Joe Biden said he was “seriously concerned about reports of escalating violence.” Washington has supported technological solutions that would allow Iranian citizens to evade their government’s control of the Internet, the US president added. He also threatened “further costs” for anyone responsible for violence against peaceful protesters.
France demanded that the EU “target senior officials and hold them accountable,” the Associated Press reported. In the UK, the government summoned Iran’s ambassador and Foreign Secretary James Cleverley described the levels of violence as “truly shocking”.
The government has tried to scare Iranian celebrities and journalists into silence online, and to force ordinary civilians to return to their homes, but so far their efforts have met with mixed success.
Students protested the mass arrests in Tehran on Monday, with demonstrations in the conservative city of Mashhad suggesting that so many were locked up that the country’s most notorious prison was more like a campus.
“Sharif University has become a prison!” “Evin prison has become a university,” they shouted. Sharif University became a battleground over the weekend, with students surrounded by security forces using tear gas and many arrested.

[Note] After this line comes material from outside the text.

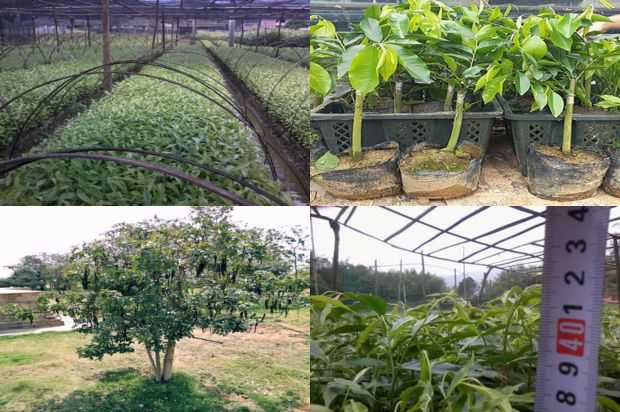 奇楠沉香树:神秘的猴子,哭泣的树,小果实,桃金娘_no.211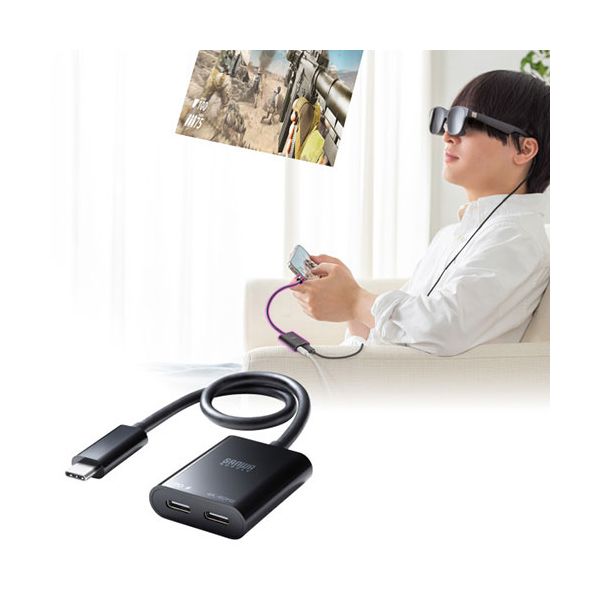 サンワサプライ USB Type-C 拡張アダプタ ケーブルタイプ PD対応 AD-ALCCPD02 21 honkeya-10901489 本家屋 サンプル画像3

Schoolgirls marched through the streets without hijabs, shouting “Women. Life. Freedom” in the city of Karaj, west of the capital, and in the Kurdish city of Sanandaj, according to widely circulated footage.
The scenes had echoes of the days after the Islamic Revolution of 1979, which brought the current government to power. Then, as now, a large number of women came out to protest against the mandatory hijab, and high school students played a key role, although the demonstrations were eventually suppressed.
Dozens of Iranian journalists have been arrested in an apparent attempt to shut down news of the protests, and the government has tried to throttle the internet and block access to key social media sites used for both protest planning and news sharing.
Authorities also seized a musician who set protest songs and messages to music. Sherwin Hadjipour’s plaintive song “Zaradi Radi” became an unofficial anthem almost overnight; he was released on bail.
“For my sister, for your sister, for our sisters,” he sings on the record, acknowledging the key role of women at the forefront of the demonstrations.